Конечно, хочется все списать на власть, на людей вокруг и на троне, они, мол, портят людей и заставляют их быть хуже, чем могли бы быть. Мол, это слепой Запад вырастил маломерного гомункула, мечтающего о мировом пожаре в крови и божьем благословении на убийство и самоубийство. Но ведь это не так. Или не совсем так. Ведь вот прямо сейчас, когда русские опять хотят войны со всем светом или согласны на нее, ибо это тот случай, когда отказать труднее, чем согласиться, они не хотят вакцинироваться и ненавидят тех, кто их заставляет. Вплоть до демонстрации чувства, ужасно похожего на гражданское, хотя это другое. То есть никакая власть, никакой Путин в ангельских доспехах не могут заставить делать то, что не хочется по-настоящему, как не хочется носить маску и принимать чужой приказ о здоровье. Потому что здесь что-то важное, какая-то граница между частным и общественным, разница между свободой и волей, на которую не насрать.

Но когда какие-то кукловоды из телевизора или телевизионного Кремля уговаривают отдать жизнь за право смотреть на окружающих сверху вниз, ибо этим окружающим страшнее умирать и они больше ценят жизнь, то здесь опять — энтузиазм миллионов и готовность умирать за родину, последнюю в списке.

И все потому, что и власть, и вроде как подневольные из казармы пьют из одного источника мертвой воды великодержавного русского патриотизма, смысл которого — мы всех так любим, что ради распространения этой любви любого замучаем и убьём, потому что иначе не можем.

Мы все, конечно, разные, и при этом в каждом (как во мне и в тебе) есть и толика эмпатии, и социальной вменяемости, но в сумме это выглядит исключением, потому что когда перина на перину, подушка на подушку, кирпич на кирпич – вылезает одно злое и облупленное от старой краски дуло, готовое стрелять по всему, что движется. Неслучайно подвиг половины православных святых – странная или ранняя смерть.

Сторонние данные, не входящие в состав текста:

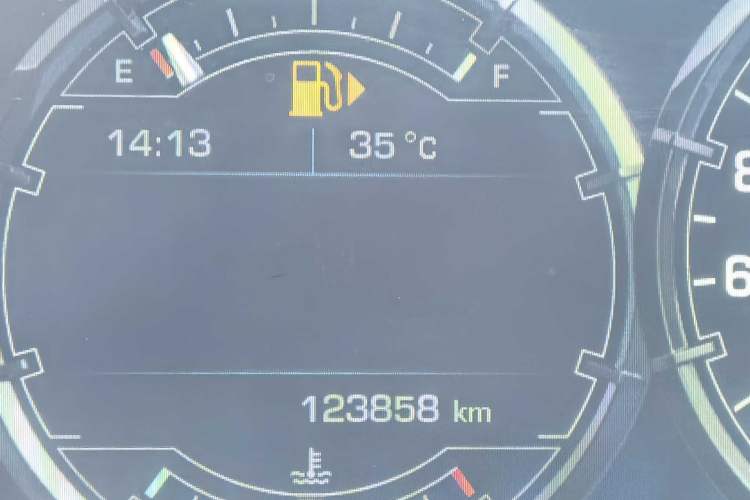 Used Jaguar XJ 2014 XJL 2.0T Two-Wheel-Drive Elegant Business Edition Odometer Close Up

И это никогда не кончается, как рифма от песни ходит по кругу, ничему не учась и не боясь повторений. Те, кто полагает,  то Россия когда-нибудь обязательно сломает себе шею, скорее всего, ошибаются. Этот наглядный пример аппендикса, гниющего внутри, социальной неприспособленности и удивительной жестокости, эту неспособность тщетно затушевывающей, должен, возможно, существовать, как образец, как камертон, как колодец, из которого попьёшь и обязательно козлёночком станешь.

Увы, ненависть, самая обоснованная, не убивает. Убивает как раз любовь, неразделенная и безответная, с какой русский смотрит на себя в зеркало и ничего не видит в перспективе.